■ EXERCISE DATA
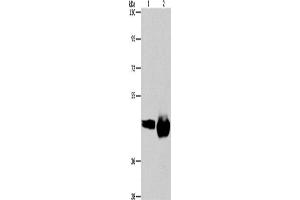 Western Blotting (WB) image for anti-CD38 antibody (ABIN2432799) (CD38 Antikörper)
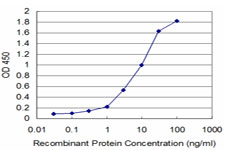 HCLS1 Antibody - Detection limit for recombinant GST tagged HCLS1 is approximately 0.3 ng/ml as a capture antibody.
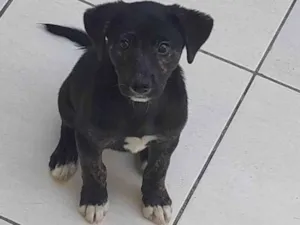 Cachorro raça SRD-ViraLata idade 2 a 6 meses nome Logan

---

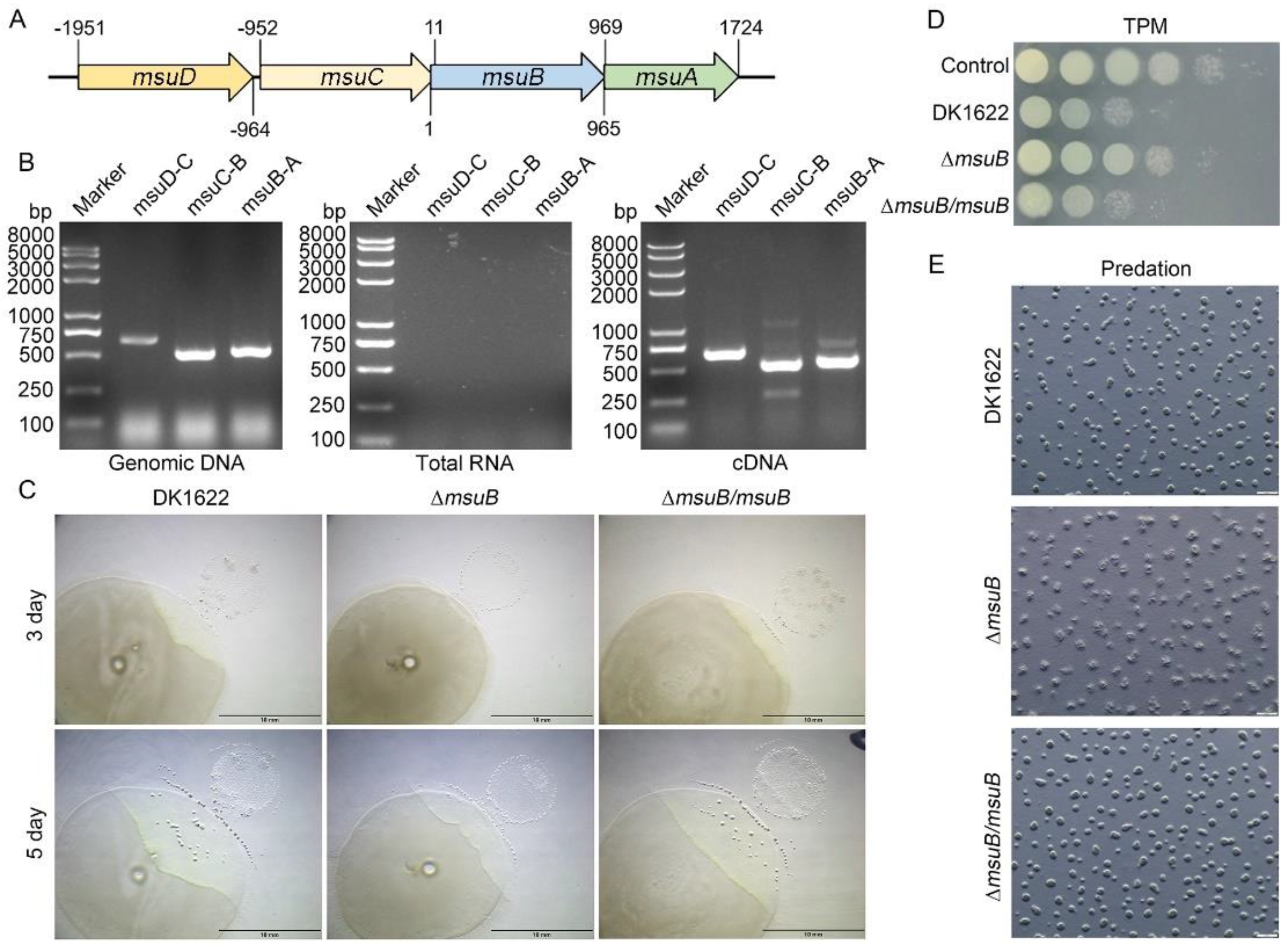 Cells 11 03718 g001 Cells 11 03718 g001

■ TO DO
Using the entries above, repeat exactly the lines from the one with "Western Blotting (WB)" to the one with "Cachorro raça SRD-ViraLata", both included, and leave the pictures behind.

■ TASK OUTPUT
 Western Blotting (WB) image for anti-CD38 antibody (ABIN2432799) (CD38 Antikörper)
 HCLS1 Antibody - Detection limit for recombinant GST tagged HCLS1 is approximately 0.3 ng/ml as a capture antibody.
 Cachorro raça SRD-ViraLata idade 2 a 6 meses nome Logan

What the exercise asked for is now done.